Each line below should be repeated exactly as written, with no pictures carried over.

[Opening GIVEN MATERIAL section]

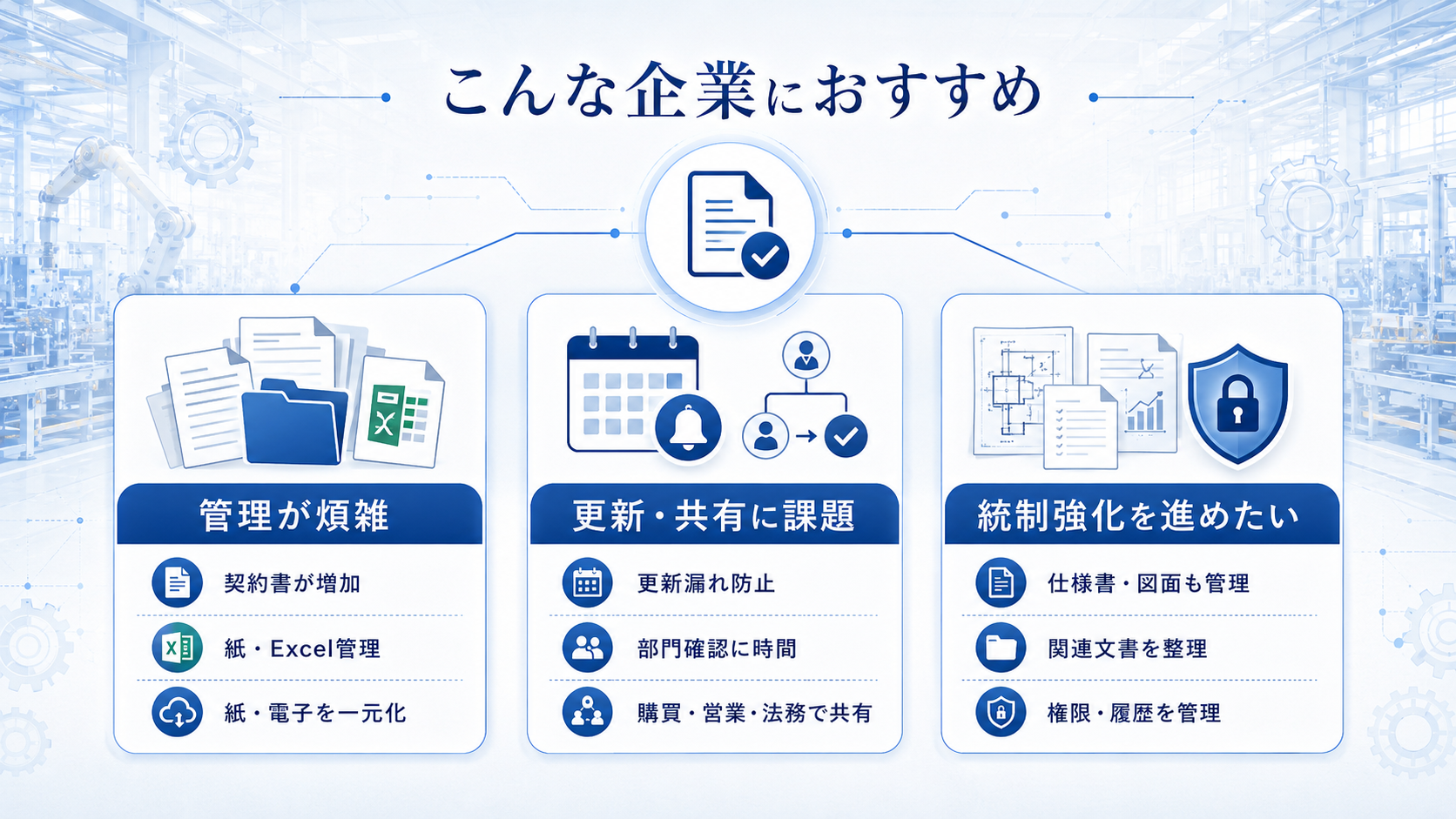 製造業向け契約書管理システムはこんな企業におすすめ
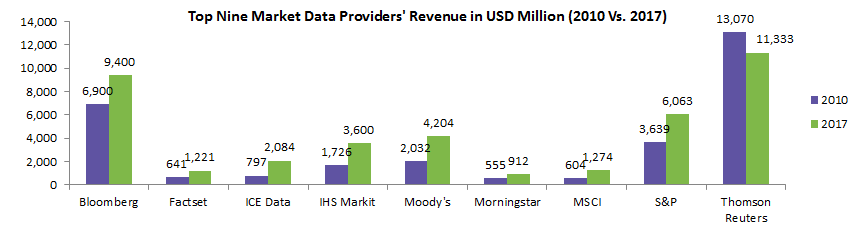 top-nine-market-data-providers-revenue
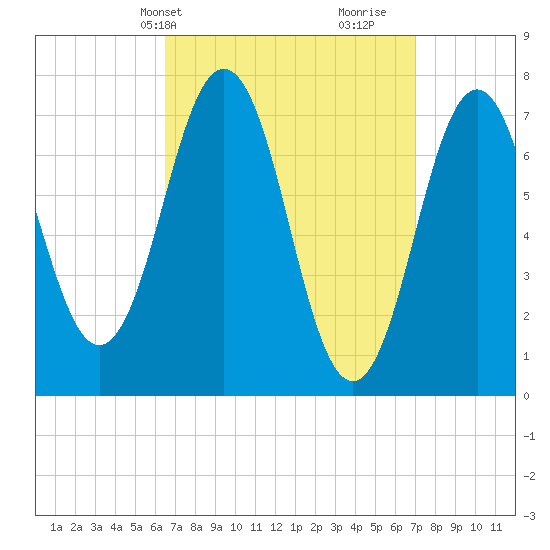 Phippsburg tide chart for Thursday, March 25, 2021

[Closing GIVEN MATERIAL section]

→ RESULT
 製造業向け契約書管理システムはこんな企業におすすめ
 top-nine-market-data-providers-revenue
 Phippsburg tide chart for Thursday, March 25, 2021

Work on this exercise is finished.